Suhas Palshikar writes: A renewed public discourse around questions of its meaning, repertoire, purpose and limits will have to be enriched.

Written by Suhas Palshikar |
Updated: January 4, 2022 10:06:47 pm
The unexpected spread of democracy at the fag-end of the last century produced a global overuse of the term, denuding it of its meaning.

The New Year brings a challenge. Corrosion of democracy forms the backdrop to the 75th year of freedom, overshadowing the celebrations. The official website calls the moment “azadi ka amrit mahotsav”, though in the recent past, those talking of azadi were hounded as the tukde-tukde gang. Such is the fracture in our public psyche that azadi can be equated with an anti-national position on the one hand and on the other hand, a myopic view of azadi allows dismemberment of its core — democracy. The challenge, therefore, is to keep India’s democracy alive. Are we up to it?

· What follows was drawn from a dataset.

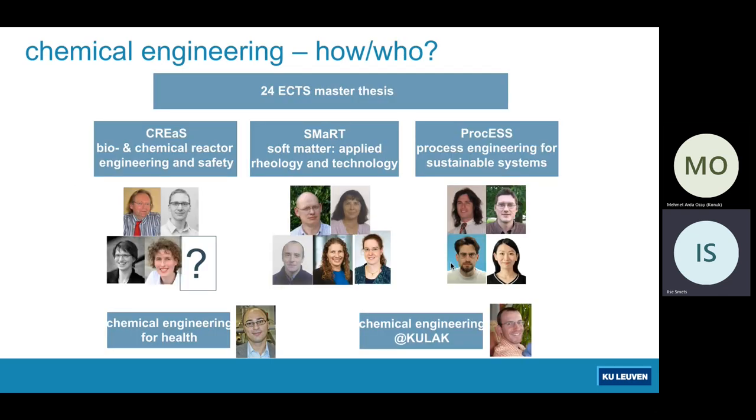If you look at the people who will guide you along the path towards becoming a chemical engineer, you will see that divided over the three divisions there are a lot of young people — I call myself also still young — with a nice spread of nationalities and gender. We are very proud to have a strong force of professors and faculty who will guide you, either based in Leuven or in Kortrijk.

The unexpected spread of democracy at the fag-end of the last century produced a global overuse of the term, denuding it of its meaning. Even as the industry of measuring and ranking democracies thrived, the practice of trading off democracy’s substance for its skeletal form became a booming business. Just as the “D” word became politically the most useful and used word, it also became so vague that its adversaries no longer needed to argue against it. Rather than anti-democratic arguments, we now witness the skillful taming of democracy.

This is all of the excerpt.